__Task statement__. From the line containing "Surface modifications and" to the line containing "Premium Hemoton 2-Piece" in the entries below, reproduce every line exactly, ends included. Nothing else belongs in the copy, and no pictures.

__Record excerpts__.

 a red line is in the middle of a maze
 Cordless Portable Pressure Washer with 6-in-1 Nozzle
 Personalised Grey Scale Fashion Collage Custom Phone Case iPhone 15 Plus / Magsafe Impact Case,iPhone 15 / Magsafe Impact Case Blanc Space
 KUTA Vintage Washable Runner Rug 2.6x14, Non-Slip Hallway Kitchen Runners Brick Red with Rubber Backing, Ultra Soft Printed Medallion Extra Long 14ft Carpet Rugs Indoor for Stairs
--
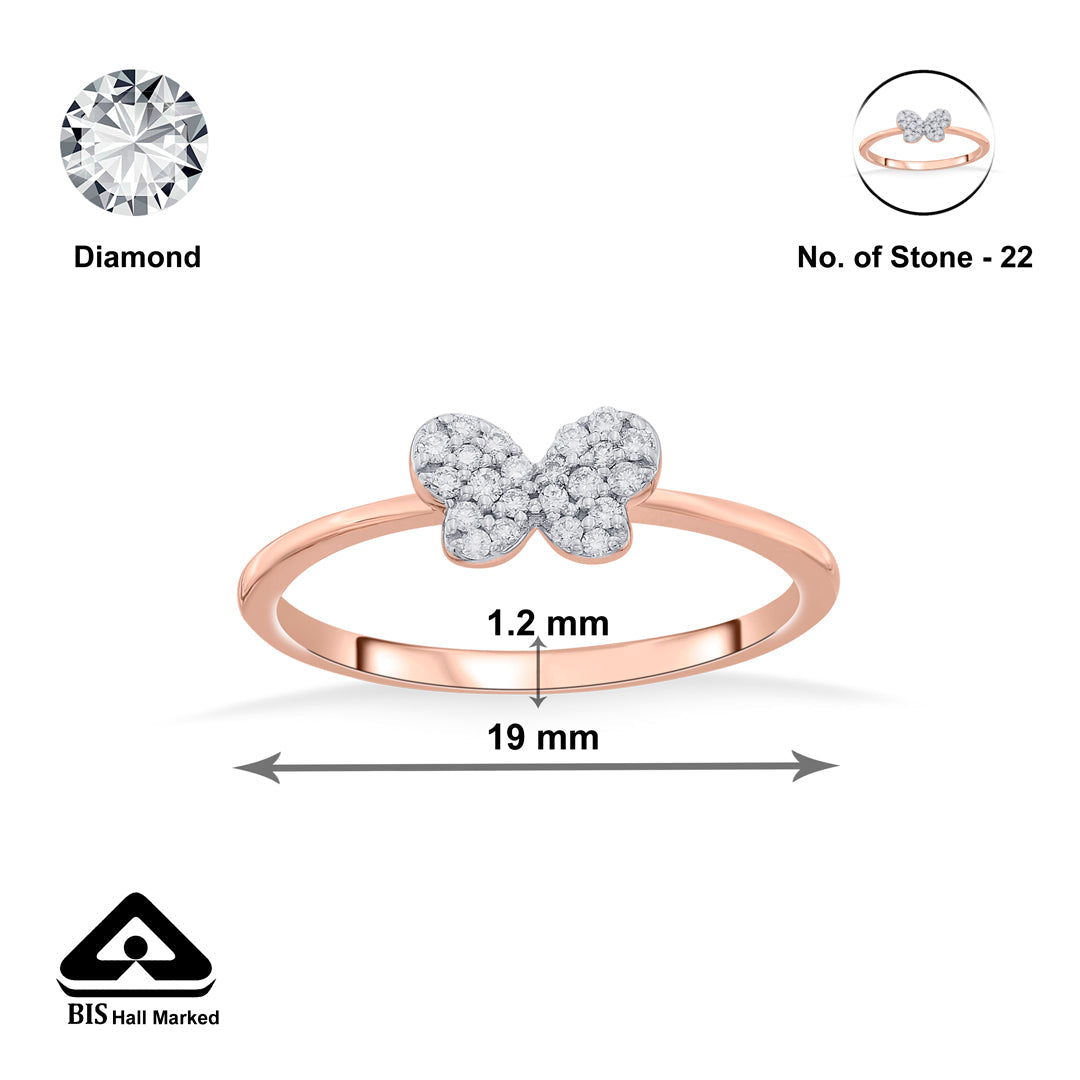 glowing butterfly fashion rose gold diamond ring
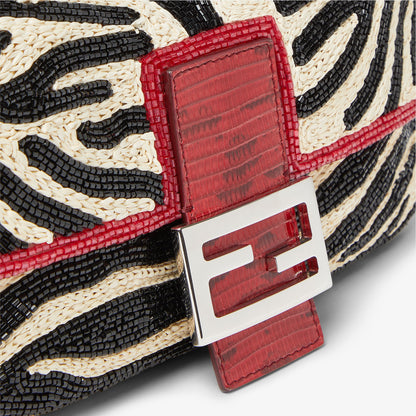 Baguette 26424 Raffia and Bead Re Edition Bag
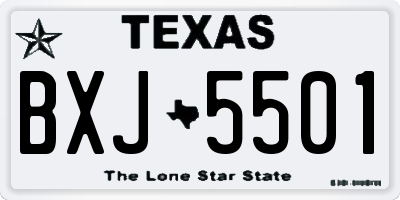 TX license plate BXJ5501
* * *
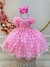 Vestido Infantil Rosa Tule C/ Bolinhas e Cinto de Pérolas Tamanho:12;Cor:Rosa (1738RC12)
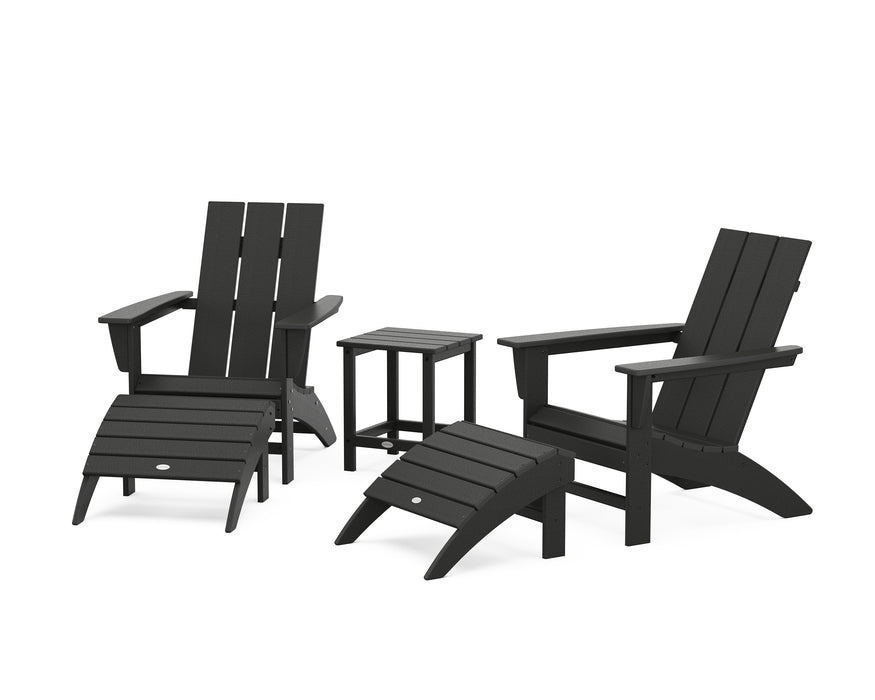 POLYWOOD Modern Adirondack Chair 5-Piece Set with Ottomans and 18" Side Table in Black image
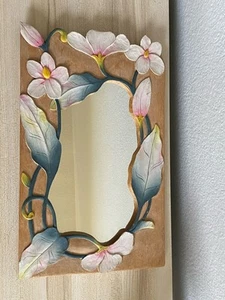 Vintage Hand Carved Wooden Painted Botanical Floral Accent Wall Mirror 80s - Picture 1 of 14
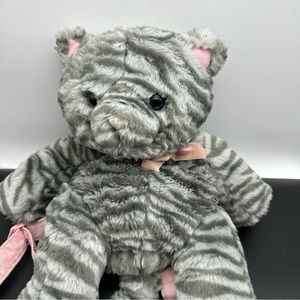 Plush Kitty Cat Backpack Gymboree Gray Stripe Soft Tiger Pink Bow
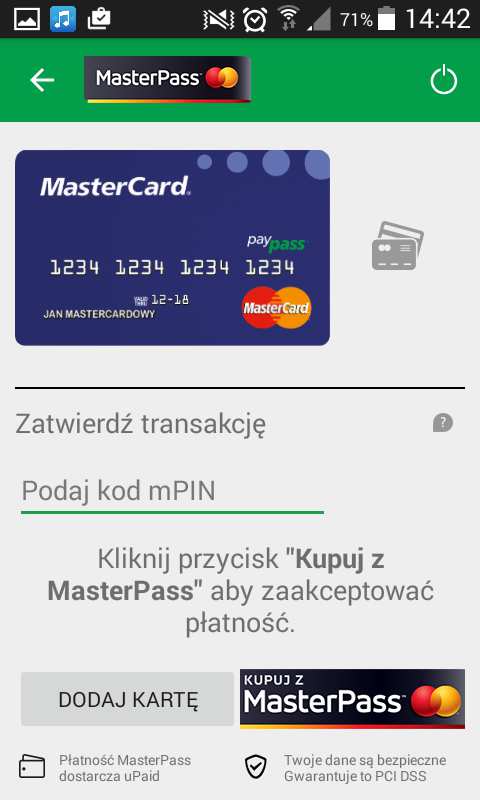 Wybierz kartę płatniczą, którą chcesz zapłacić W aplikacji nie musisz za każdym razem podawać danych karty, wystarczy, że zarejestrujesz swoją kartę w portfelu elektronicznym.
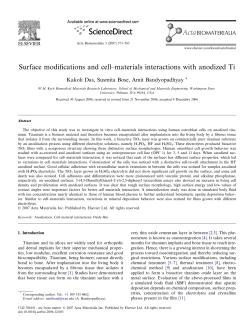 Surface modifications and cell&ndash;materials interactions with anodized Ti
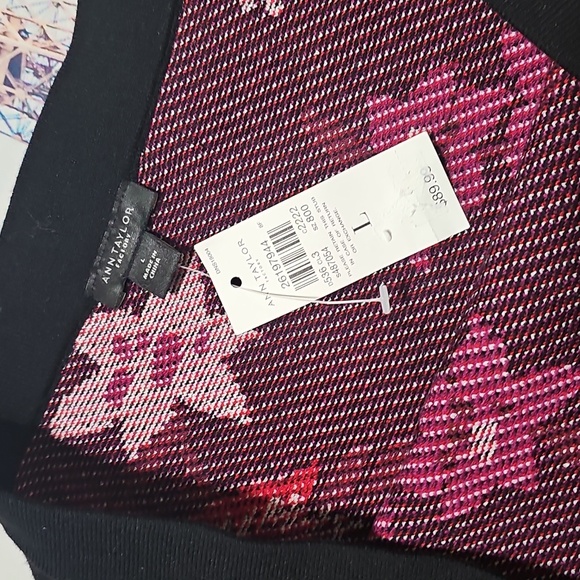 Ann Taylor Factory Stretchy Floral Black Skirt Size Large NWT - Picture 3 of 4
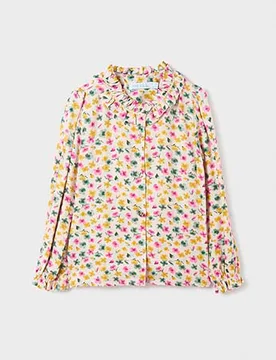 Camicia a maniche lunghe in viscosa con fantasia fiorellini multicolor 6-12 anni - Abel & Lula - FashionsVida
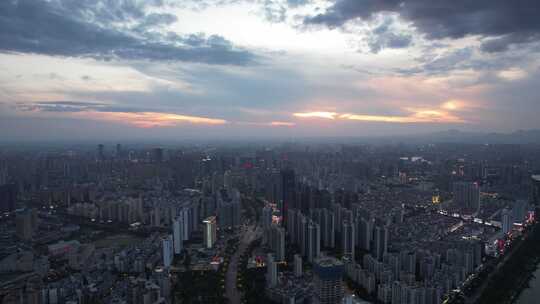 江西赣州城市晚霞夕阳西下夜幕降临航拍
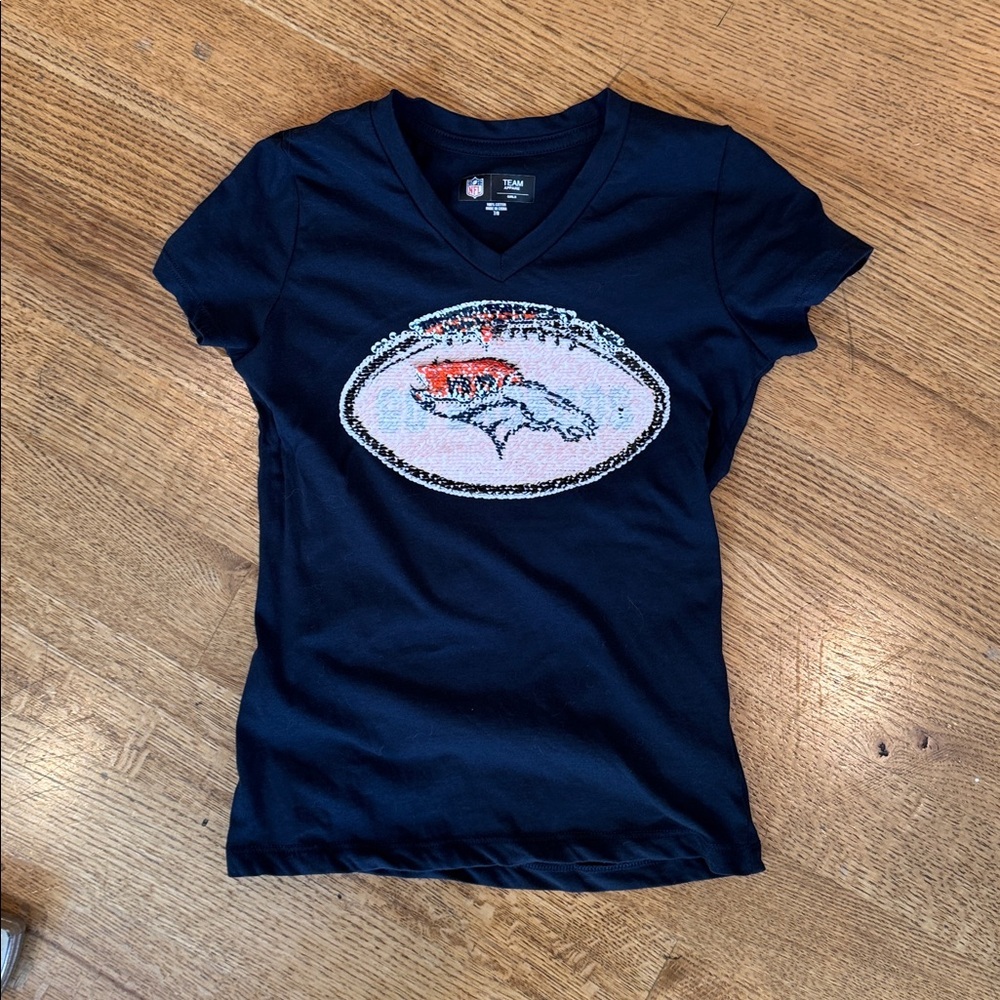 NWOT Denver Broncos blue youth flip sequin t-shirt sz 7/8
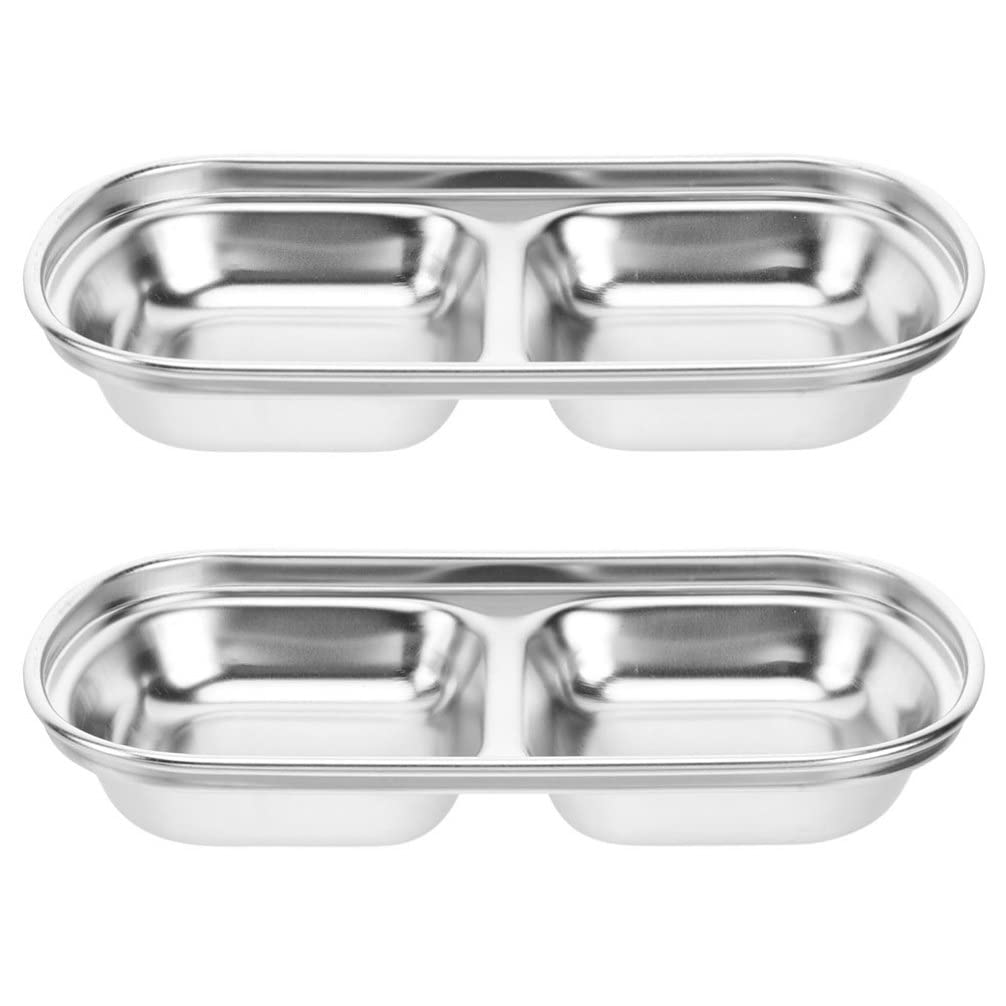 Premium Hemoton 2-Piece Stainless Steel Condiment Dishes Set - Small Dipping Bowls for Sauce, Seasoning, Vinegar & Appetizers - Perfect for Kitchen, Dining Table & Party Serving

__Reply__.
 Surface modifications and cell&ndash;materials interactions with anodized Ti
 Ann Taylor Factory Stretchy Floral Black Skirt Size Large NWT - Picture 3 of 4
 Camicia a maniche lunghe in viscosa con fantasia fiorellini multicolor 6-12 anni - Abel & Lula - FashionsVida
 江西赣州城市晚霞夕阳西下夜幕降临航拍
 NWOT Denver Broncos blue youth flip sequin t-shirt sz 7/8
 Premium Hemoton 2-Piece Stainless Steel Condiment Dishes Set - Small Dipping Bowls for Sauce, Seasoning, Vinegar & Appetizers - Perfect for Kitchen, Dining Table & Party Serving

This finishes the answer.